America’s Refugee Crisis
The U.S. is confronting a serious refugee crisis at its Southern border: Since October, the number of unaccompanied children crossing the border illegally has surged to over 50,000. These young people are arriving not only from Mexico, but from Honduras, Guatemala, and El Salvador—countries so wracked by violence that parents are choosing to send their children alone on a long, dangerous journey, knowing they may never see them again. (As Dara Lind notes, other less violent countries in the region, like Nicaragua and Costa Rica, have also experienced huge increases in asylum applications from their more violent neighbors.) Do these children have any hope of gaining asylum in the U.S.?
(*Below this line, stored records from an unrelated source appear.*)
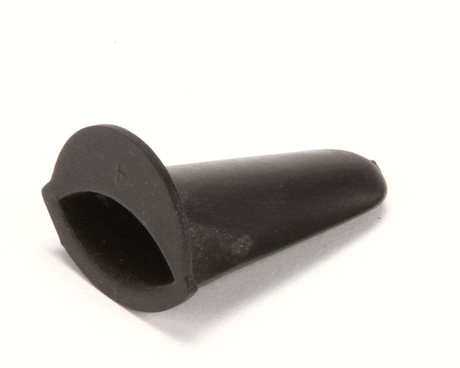 WARING PARTS Waring 003498 Jar Pad - SKU WAR003498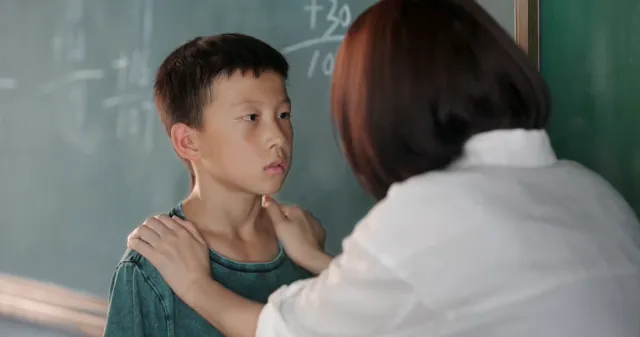 Hình ảnh phim Rất May Mắn Khi Gặp Được Em trên PhimMoiHot Hình ảnh phim Rất May Mắn Khi Gặp Được Em trên PhimMoiHot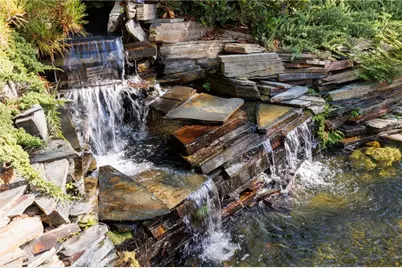 31561 Peppertree Bend, San Juan Capistrano, CA 92675 - Photo 53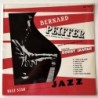 Bernard Pfeiffer - And His St-Germain Des Pres Orchestra BLP 6842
Rebecca Leber suggests they might, noting that the ACLU and other groups are suing to demand legal representation for these children:
They’re not American citizens, obviously, so why do they deserve representation? One reason is that many of them have fled violence in countries like El Salvador, Honduras, and Guatemala. That means they may qualify for asylum under immigration law. An example is one of the plaintiffs, a ten-year-old boy from El Salvador, who watched his father’s murder and who says his life has been threatened by gang violence. Facts like that might mean the difference between deportation and asylum.
The key word here is “might.” Asylum is not a cure-all. The system is already overloaded, and as Leber notes, the new funds suggested by President Obama will probably not be enough to deal with the influx of cases. But more importantly, asylum is only granted under very specific conditions, and gang violence as such may not secure it for migrant children, whether they have legal representation or not. I reported on a case like this in 2011. Fernando Quinteros-Mendoza fled El Salvador in 2004 after repeated acts of intimidation and extortion—even death threats—by a gang whose territory he had the bad luck of passing through. Even though they attacked him outside his church and threatened to kill him if he continued to attend, his asylum claim was rejected:
In 2006, he brought his case before an immigration judge who found him both credible and sympathetic—“I think you are in a terrible situation,” the judge said during the hearing—but who nonetheless ruled that Fernando did not qualify for asylum, which is only granted when an applicant’s persecution falls into one of five specific categories. (Intimidation by a gang is not one of those categories; religious persecution is, but because religion was not a “central reason” for Fernando’s persecution, it didn’t suffice.) The asylum bid failed—and so did an appeal to the Fourth Circuit in 2008.
Ultimately, Fernando was granted a temporary stay in late 2011 only because of the tireless efforts of a group of lawyers and advocates. This is not a model that can be scaled to meet the needs of over 50,000 migrant children, many of whom will have claims that (under the specific conditions of asylum law) will be less legally compelling than Fernando’s, regardless of how morally compelling they may be. That sobering fact indicates not only the depth of the problem on the country’s hands—and the desperate claims of refugee children are a problem for the whole country, not just the President—but also the difficulty, within our existing system, of finding a quick and satisfying solution.